Panowie (Mirek i Jurek) - zejdźcie na ziemię, bo szybujecie bardzo wysoko. To, że u innych sa ryby a u nas nie, jest pokłosiem prawie 30 lat błędów i wypaczeń, na które zezwalało państwo, które nie rozwaliło tego bastionu komuny za wczasu, dodatkowo słuchało złych porad naukowców i pod nich cały czas ustawiało prawo wodne, dokładnie chodzi o stawianie na rybaków.

Dlaczego polski rząd nie zrobił nic do tej pory? Bo bał się ruszyć z jednej strony ten bajzel aby nie polecieć w sondażach (rząd Platformy i prorybackiego PSL), z drugiej strony oni nie mają wiedzy. Jak dla mnie to sytuacja jak w bajce gdzie nagi król paraduje ulicami miasta, będąc pewnym, że jest pięknie ubrany. NIkt nie chce mu powiedzieć, że jest inaczej.

Panowie, zrozumcie, u nas ryby wytępiono, zniszczono rybostan doszczętnie prawie. Dlatego porównania do Czechów, którzy przez te 30 lat o wody dbali, jest nie na miejscu. Propozycje Mirka to śmiech na sali, zakładanie, ze ryby teraz same się odrodzą, jeżeli nie będzie kontroli... To jak wpuścić lisa do kurnika, i liczyć, że rudzielec sobie jajka będzie jadł, kurom krzywdy zaś nie zrobi, taki z niego mądry zwierzak.

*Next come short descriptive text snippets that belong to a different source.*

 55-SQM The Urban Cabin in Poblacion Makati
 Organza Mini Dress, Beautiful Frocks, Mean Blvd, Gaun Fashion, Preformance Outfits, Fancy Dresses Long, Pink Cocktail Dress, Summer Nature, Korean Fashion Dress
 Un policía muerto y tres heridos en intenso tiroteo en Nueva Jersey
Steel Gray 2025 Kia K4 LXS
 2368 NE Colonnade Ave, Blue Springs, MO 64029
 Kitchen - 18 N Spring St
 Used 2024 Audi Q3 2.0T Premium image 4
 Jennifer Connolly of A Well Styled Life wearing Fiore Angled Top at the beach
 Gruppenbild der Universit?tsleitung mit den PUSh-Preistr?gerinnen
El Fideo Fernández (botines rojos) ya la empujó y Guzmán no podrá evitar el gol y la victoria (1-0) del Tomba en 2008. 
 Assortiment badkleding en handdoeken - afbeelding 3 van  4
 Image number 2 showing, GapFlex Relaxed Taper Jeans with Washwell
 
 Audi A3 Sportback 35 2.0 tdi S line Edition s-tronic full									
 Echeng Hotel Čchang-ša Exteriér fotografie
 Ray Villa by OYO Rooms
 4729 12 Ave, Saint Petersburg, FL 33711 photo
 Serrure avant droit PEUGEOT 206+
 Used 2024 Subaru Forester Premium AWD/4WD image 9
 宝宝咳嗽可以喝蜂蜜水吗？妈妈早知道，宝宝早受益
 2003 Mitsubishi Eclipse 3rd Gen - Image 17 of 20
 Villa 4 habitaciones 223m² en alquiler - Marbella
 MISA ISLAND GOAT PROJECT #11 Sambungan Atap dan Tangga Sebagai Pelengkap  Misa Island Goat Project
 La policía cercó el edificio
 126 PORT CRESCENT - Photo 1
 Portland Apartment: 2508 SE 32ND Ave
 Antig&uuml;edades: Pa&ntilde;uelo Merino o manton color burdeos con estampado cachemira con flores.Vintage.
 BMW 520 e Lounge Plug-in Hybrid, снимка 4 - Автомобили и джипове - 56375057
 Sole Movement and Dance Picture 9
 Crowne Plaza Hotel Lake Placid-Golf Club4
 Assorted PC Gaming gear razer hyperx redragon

Ryby w Polsce wytępili Polacy, do spółki wędkarze z rybakami , kłusownikami, pozwoliło na to państwo. Nie winię jednak tu wędkarzy całkowicie, bo ktoś po prostu im nie wytłumaczył i nie pokazał, że jest beznadzieja, że trzeba innej gospodarki i idziemy z każdym rokiem na dno. Nie dopasowano prawa odpowiednio. Kto powinien to robić? Oczywiście, że PZW. Ale zamiast tego kilka lat temu, praktycznie kierujący związkiem ludzie z OM zrobili hucpę rybacką na Zalewie Zegrzyńskim, pokazując swoje prawdziwe oblicze. Zamontowanie rybaków na wodzie wędkarskiej było jedną z największych anty-wędkarskich rzeczy, na jakie się można zdobyć. Robią to władze związku wędkarskiego! :facepalm:

Panowie, zrozumcie ten poziom tragedii. Ludzie już wierzą, że potrzeba zarybień aby było lepiej, nie wiedzą, że to ślepa uliczka... A teraz, aby jakąś wodę wyprowadzić na prostą, trzeba kilku lat ciężkiej pracy. Bo wiecie czemu w Czechach jest tyle ryb? Bo są wszędzie, i Czech jak chce zjeść rybę, to sobie ją łowi. A Polak musi zabrać wszystko, wypełnić zamrażarki, rozdać rodzinie i znajomym, aby się nie zmarnowało. Tylko zrozumcie, że oni mają ryby wszędzie, dlatego ubytki są uzupełniane tarłem naturalnymi zarybieniami, tam się dba o wody, jak jakaś jest słaba, to się tam ją wzmacnia. A  u nas wszystko jest słabe. Aby osiągnąć poziom Czechów więc, musimy wykonać tytaniczną pracę, nie jest to spacerek jak sugeruje Mirek. U nas jak będzie gdzieś więcej ryb to je wybiorą i zeżrą, tak  jak Czesi słaby zbiornik odbudują, u nas jest na odwrót, lepszy zbiornik się odrybia naprędce.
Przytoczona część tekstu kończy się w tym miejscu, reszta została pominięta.